* Records to process *
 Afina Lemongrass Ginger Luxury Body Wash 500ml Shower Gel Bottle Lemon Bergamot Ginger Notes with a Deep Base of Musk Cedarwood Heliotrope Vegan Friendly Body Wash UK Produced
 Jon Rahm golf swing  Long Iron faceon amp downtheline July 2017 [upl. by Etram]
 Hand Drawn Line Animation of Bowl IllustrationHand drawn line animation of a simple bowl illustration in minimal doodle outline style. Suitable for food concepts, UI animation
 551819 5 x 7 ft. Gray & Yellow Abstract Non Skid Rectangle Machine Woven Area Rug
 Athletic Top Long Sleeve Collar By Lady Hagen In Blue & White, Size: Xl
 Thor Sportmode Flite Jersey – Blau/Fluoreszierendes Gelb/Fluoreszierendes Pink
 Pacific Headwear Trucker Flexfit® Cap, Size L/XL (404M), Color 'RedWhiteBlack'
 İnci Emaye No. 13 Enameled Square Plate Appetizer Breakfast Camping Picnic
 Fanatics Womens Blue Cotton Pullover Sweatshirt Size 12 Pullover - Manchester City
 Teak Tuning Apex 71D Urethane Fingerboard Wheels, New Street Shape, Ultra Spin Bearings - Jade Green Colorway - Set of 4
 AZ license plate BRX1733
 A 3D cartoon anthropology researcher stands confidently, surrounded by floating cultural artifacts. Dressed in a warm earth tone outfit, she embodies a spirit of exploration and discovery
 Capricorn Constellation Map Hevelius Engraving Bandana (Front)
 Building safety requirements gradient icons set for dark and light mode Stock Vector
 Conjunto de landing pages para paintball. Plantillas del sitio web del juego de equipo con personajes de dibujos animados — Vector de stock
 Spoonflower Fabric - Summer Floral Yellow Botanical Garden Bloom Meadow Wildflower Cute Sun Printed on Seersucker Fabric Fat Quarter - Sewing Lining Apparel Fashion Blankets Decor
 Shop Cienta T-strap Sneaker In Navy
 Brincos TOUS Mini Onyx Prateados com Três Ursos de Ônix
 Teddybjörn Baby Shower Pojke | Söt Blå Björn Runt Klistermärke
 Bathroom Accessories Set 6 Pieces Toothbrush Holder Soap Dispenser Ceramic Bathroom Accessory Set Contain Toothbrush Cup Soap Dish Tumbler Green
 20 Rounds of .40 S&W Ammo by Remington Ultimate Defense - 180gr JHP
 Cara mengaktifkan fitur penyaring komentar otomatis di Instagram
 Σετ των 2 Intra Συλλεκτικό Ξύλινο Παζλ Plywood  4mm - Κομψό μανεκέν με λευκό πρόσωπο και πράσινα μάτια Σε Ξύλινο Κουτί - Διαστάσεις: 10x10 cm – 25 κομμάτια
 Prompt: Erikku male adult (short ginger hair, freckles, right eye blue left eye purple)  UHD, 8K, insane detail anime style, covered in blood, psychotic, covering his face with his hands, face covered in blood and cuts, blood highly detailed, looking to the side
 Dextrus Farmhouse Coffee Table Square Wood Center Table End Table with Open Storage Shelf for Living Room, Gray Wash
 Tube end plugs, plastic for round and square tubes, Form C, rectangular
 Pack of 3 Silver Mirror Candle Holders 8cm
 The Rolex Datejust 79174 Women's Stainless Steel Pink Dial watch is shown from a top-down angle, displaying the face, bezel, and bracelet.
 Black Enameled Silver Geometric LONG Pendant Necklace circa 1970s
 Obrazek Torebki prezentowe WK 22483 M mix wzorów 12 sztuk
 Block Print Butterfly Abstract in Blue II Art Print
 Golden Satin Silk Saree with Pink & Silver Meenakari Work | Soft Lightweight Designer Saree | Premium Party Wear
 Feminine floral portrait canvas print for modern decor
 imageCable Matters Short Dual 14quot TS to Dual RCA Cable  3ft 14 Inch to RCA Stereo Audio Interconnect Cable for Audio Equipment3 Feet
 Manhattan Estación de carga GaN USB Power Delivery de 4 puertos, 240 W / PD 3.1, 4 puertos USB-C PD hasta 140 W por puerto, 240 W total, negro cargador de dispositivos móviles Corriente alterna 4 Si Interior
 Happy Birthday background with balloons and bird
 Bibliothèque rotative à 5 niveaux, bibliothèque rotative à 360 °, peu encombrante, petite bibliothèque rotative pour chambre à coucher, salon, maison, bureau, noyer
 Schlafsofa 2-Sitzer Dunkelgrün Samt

* What to work on *
Reproduce, word for word, the lines of the data from the one that contains "imageCable Matters Short" to the end, both ends included.

* Response to the task *
 imageCable Matters Short Dual 14quot TS to Dual RCA Cable  3ft 14 Inch to RCA Stereo Audio Interconnect Cable for Audio Equipment3 Feet
 Manhattan Estación de carga GaN USB Power Delivery de 4 puertos, 240 W / PD 3.1, 4 puertos USB-C PD hasta 140 W por puerto, 240 W total, negro cargador de dispositivos móviles Corriente alterna 4 Si Interior
 Happy Birthday background with balloons and bird
 Bibliothèque rotative à 5 niveaux, bibliothèque rotative à 360 °, peu encombrante, petite bibliothèque rotative pour chambre à coucher, salon, maison, bureau, noyer
 Schlafsofa 2-Sitzer Dunkelgrün Samt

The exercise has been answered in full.